BFC Dynamo would eventually get access to a nationwide scouting network, which included numerous training centers (TZ) of SV Dynamo across East Germany.  The club would get access to a total of 38 training centers (TZ) across East Germany. By comparison, 1. FC Union Berlin only had access to 6 training centers (TZ), all of which were located in the Berlin area. BFC Dynamo would be able recruit young talented players from the youth departments of all sports communities () (SG) of SV Dynamo in East Germany, except those in the Bezirk Dresden and a number sports communities in the southern regional districts that belonged to the catchment area of SG Dynamo Dresden. The youth department at BFC Dynamo would eventually be developed into a talent factory under the leadership of Egon Rohde. Egon Rohde had joined the youth department of BFC Dynamo as a youth trainer from SG Dynamo Rostock-Mitte in 1969 and became the head of the extensive youth department of BFC Dynamo. Egon Rohde was also the father of four players in various teams of BFC Dynamo: Peter Rohde, Jürgen Rohde, Rainer Rohde and Frank Rohde.

Success (1971–1972)
BFC Dynamo recruited forward Wolf-Rüdiger Netz from SG Dynamo Schwerin for the 1971–72 season. Norbert Johannsen and Frank Terletzki were now regular players in the first team.  Central players in the team were Harald Schütze, Frank Terletzki, Dieter Stumpf, Norbert Johannsen, Peter Rohde, Wilfried Trümpler, Jochen Carow, Wolf-Rüdiger Netz, Jürgen Hübner and Ralf Schulenberg.
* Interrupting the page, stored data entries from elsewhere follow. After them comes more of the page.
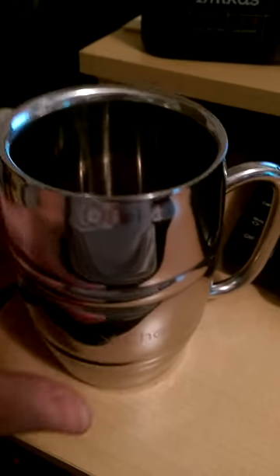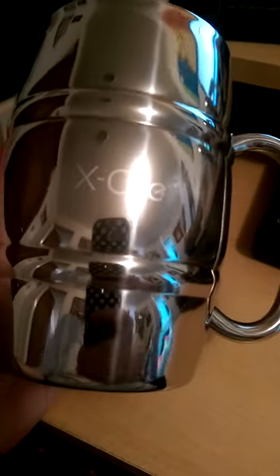Hey guys, I wanted to show you this real nice mug. It's a stainless steel mug by X Chief, I believe. Look how beautiful it is — stainless steel.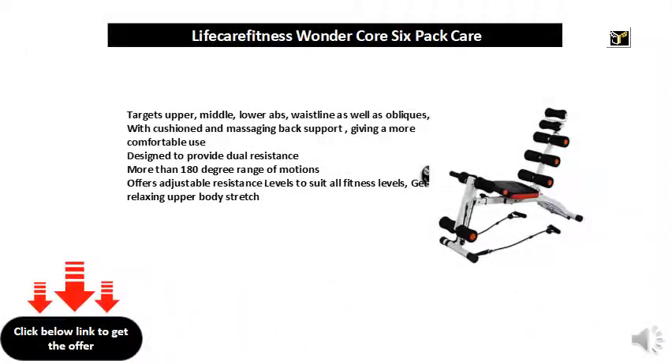Targets upper, middle, lower abs, waistline as well as obliques, with cushioned and massaging back support, giving a more comfortable use.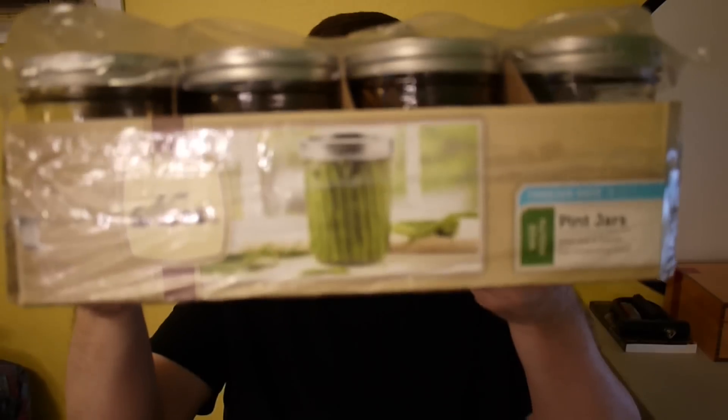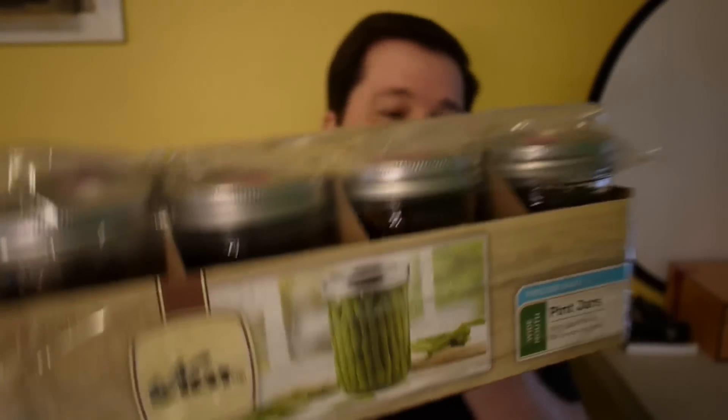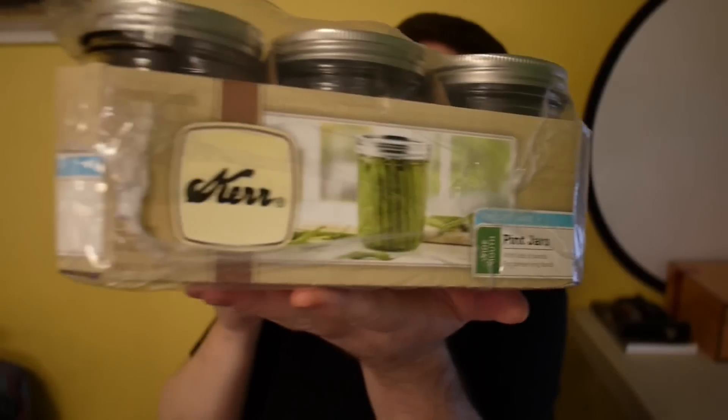I just bought two more cases of these, as a matter of fact. I bought these from Walmart. This is a 12-pack of Kerr one-pint canning jars. And I've got several cases of these right now. To whoever's typing that I shouldn't go to Walmart and that Walmart sucks — stop that! I'll just delete your comment. I love Walmart.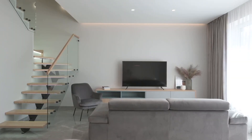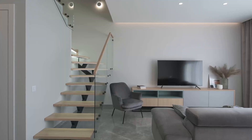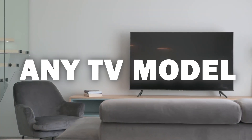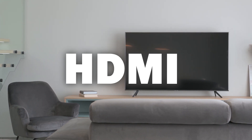Some of the newer TVs that are coming out have a built-in way of mirroring your iPhone to the screen, but not all TVs have this capability. The method I'm going to show you will work on any model of TV and any year of TV — you just have to have an HDMI connection to plug into.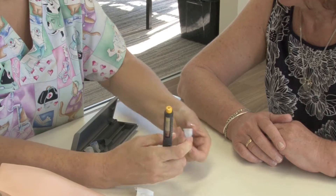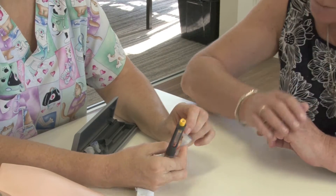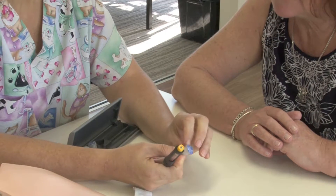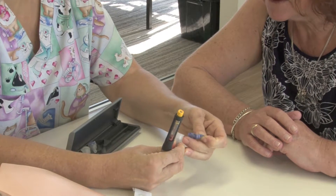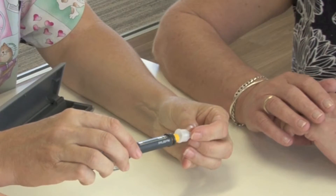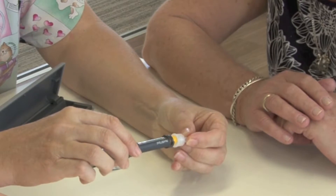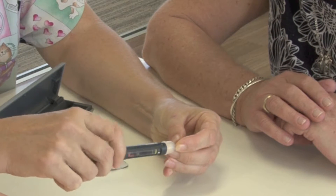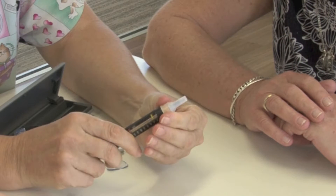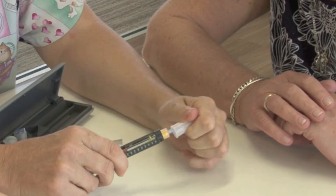So you then get one of your needles — just check the expiry date on it. Take the cap off. Now just be aware it's really quite sharp in there. I bet you might let the grandchildren play with that. Absolutely not — please don't let your grandchildren near it. Pop that in there and spin it on. So that now gives us our needle on the end.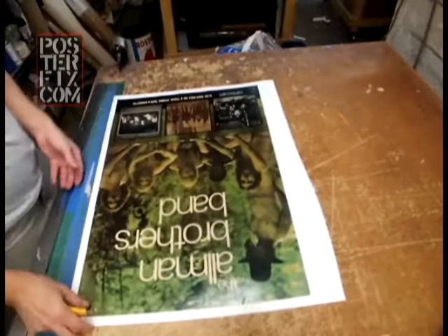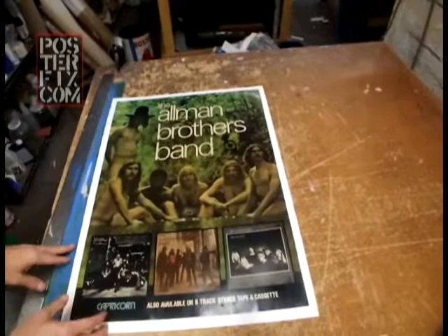An original vintage poster for the Allman Brothers from the 1970s, restored and linen-backed by Poster Fix, where we bring your vintage posters back to life.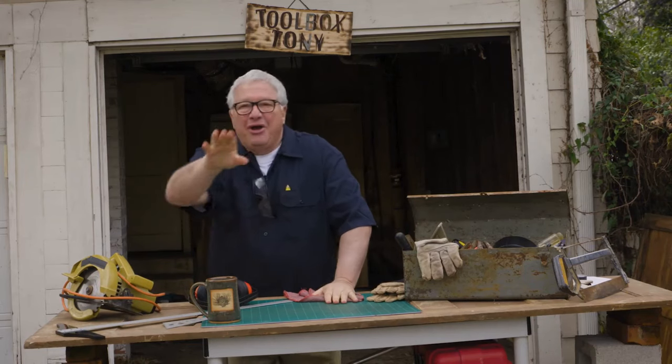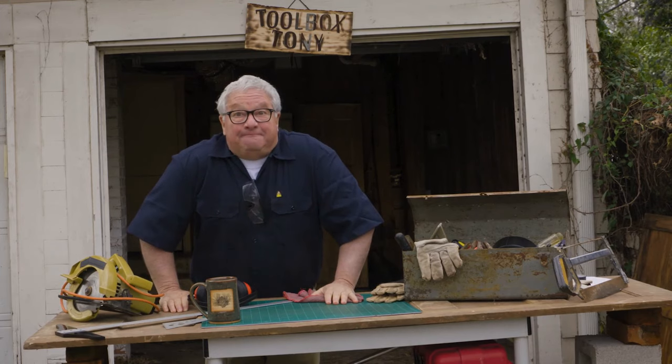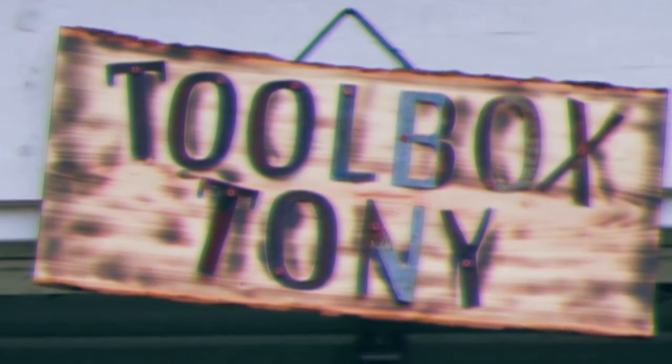Tony, you're on. Who's going to show you how to fix an electrical outlet that stopped working? Toolbox Tony, of course. Hey, gather around, kids. It's Toolbox Tony.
BFC Dynamo got a difficult start to the 1971-72 DDR-Oberliga. The team had captured only one win and was in 11th place in the league after the first five matchdays. But the team would have all the more success in Europe. BFC Dynamo was qualified for the 1971-72 European Cup Winners' Cup as runners-up in the 1970-71 FDGB-Pokal. The team eliminated Cardiff City F.C. in the first round and then K Beerschot VA in the second round. The team was thus qualified for the quarter-finals. BFC Dynamo defeated leading FC Carl Zeiss Jena 1–0 in the eighth matchday on 28 November 1971. The winning goal was scored by Norbert Johannsen. The team could thus climb to a seventh place in the league. BFC Dynamo met local rival 1. FC Union Berlin in the 12th matchday in the 1971-72 DDR-Oberliga on 26 December 1971. The match ended in a 1–1 draw in front of 14,000 spectators at the Dynamo-Stadion im Sportforum. The derby was marked by crowd trouble with eight persons arrested. BFC Dynamo was in sixth place in the league before the winter break.

The team would show its potential during the second half of the 1971–72 season. BFC Dynamo defeated BSG Sachsenring Zwickau 0–1 away in the 14th matchday on 8 January 1972. The winning goal was scored by Wolf-Rüdiger Netz. BFC Dynamo now climbed to a fourth place in the league. The team also bypassed rival SG Dynamo Dresden, as SG Dynamo Dresden had lost 1–2 away to 1. FC Magdeburg in the 14th matchday. BFC Dynamo then defeated first-placed 1. FC Magdebug 1–0 in the 15th matchday on 15 January 1972, and climed to a third place. The team then defeated rival SG Dynamo Dresden 2–1 in the 17th matchday on 29 January 1972. Ralf Schulenberg and Norbert Johannsen scored one goal each in the match. The team eventually captured the second place in the league after defeating FC Vorwärts Frankfurt 0–1 away in the 18th matchday on 4 March 1972. Johannsen scored the winning goal for BFC Dynamo. The team had now been undefeated in the first six matchdays of the second half of season. BFC Dynamo defeated Åtvidabergs FF 0–2 away in the first leg of the quarter-finals of the 1971-72 European Cup Winners' Cup on 8 March 1972. Wolf-Rüdiger Netz scored both goals. The team then defeated HFC Chemie 3–8 away in the 19th matchday on 12 March 1972. Norbert Johannsen scored three goals, while Frank Terletzki and Ralf Schulenberg scored two goals each. BFC Dynamo then played a 2–2 draw in that return leg against Åtvidabergs FF in front of 30,000 spectators at a sold out Friedrich-Ludwig-Jahn-Sportpark on 22 March 1972. BFC Dynamo thus qualified for the semi-finals of the 1971-72 European Cup and thereby also became the first team from Berlin to qualify for the semi-finals of a UEFA competition.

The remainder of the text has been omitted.